Заказал значит я инструмент у фабрики Mengascini себе баянчик, все устроило, главное цена! всем советую кстати сделали приличную скидку в 30%, спросил почему, ответили что заинтересованы в распостранении инструментов в россии, и если на прямую у них заказывать, то скидку предоставляют обязательно. Это что касается плюсов раз.
Минус же в том,что инструмент отправили через UPS, международная служба доставки, думал заплачу за доставку и все, ага фиг, не ознакомившись с их тарифами за растаможку, звонят и говорят, за растаможку инструмента будьте добры оплатить около 1000 евро. ( инструмент выходил в 4000) Получается товар свыше 1000 евро оплачивается 30% с превышения этой суммы. ( т.е. превышение составляет 3000. соответственно 30% выходит 1000) или говорят инструмент отправят обратно со всеми расходами фабрики изготовителя со всеми удержками ( естественно за инструмент мною уже оплачен), плюс ко всему кучу документов требуют как с меня так и с фабрики (чеки, квитанции, обьяснения, инвойсы ит.д.) В итоге инструмент уже месяц на таможне. Фабрика конечно всячески извиняется, помогает с докум.в растаможивании. И вопрос форумчанам. КАКИЕ есть альтернативные способы доставки без растаможки до России?


----------



## zet10 (19 Июл 2014)

*vova*,
Вы наивный,чукотский парень!
Скидка у итальянцев(это так на секундочку) для таких ребят как Вы составляет 50% от прайс листа( который составляется специально для таких ребят как Вы)
С удачной покупкой))...


----------



## vev (19 Июл 2014)

*vova*,
Лучше каждому заниматься своим делом: одним играть, а другим возить. В каждом деле есть свои подводные камни и совершенно необязательно на них наступать. Лучше было бы оценить кто именно привезет баян дешевле ( цена в России) ну и везти ими. И затраты и геморой были бы минимизированы. 
Сам занимаюсь внешнеторговой деятельностью, но инструмент бы сам не повез.


----------



## vova (19 Июл 2014)

Zet, Спасибо! про скидку, я написал ее причину по их словам, я ж не особенный чтоб мне ее предоставлять?

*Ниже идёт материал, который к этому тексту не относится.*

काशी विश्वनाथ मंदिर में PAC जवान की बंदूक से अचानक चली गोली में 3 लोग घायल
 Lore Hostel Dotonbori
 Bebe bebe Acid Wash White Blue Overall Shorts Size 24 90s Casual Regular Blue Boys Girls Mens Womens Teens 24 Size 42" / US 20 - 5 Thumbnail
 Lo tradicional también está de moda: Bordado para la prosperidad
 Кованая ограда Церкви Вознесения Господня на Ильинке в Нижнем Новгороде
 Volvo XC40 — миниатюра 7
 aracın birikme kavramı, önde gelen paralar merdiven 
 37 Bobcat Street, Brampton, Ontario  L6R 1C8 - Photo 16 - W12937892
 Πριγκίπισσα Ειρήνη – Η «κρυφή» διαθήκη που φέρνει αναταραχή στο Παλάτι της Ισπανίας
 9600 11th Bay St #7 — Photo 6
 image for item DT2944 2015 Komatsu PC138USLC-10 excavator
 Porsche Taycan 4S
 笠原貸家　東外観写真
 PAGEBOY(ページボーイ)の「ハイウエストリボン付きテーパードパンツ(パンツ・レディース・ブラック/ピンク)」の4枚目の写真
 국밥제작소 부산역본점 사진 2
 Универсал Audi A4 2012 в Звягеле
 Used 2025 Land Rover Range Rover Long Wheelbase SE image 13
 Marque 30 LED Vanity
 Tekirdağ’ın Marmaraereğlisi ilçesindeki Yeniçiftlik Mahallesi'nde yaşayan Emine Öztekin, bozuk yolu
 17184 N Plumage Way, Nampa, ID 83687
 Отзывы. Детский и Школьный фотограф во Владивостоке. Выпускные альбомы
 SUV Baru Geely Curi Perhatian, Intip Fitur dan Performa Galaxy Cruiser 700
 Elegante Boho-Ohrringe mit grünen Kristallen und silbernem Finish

Vev, Про подводные камни, естественно если б знал,то поступил бы по другому.


----------



## oleg45120 (19 Июл 2014)

*vova*,
надо было посоветоваться хотя бы на этом форуме. А вы скидку увидели, и глаза загорелись. Надо было самому ехать. За 1000 евро и отдохнули бы, макарон итальянских с пиццей поели и вина хорошего и недорогого ну и инструмент бы привезли. Ну или договариваться с профессионалами договариваться, которые постоянно возят. Не буду пальцем показывать


----------



## vova (20 Июл 2014)

дак вот, и я о том же думал, в следующий раз так и сделаю :cray:


----------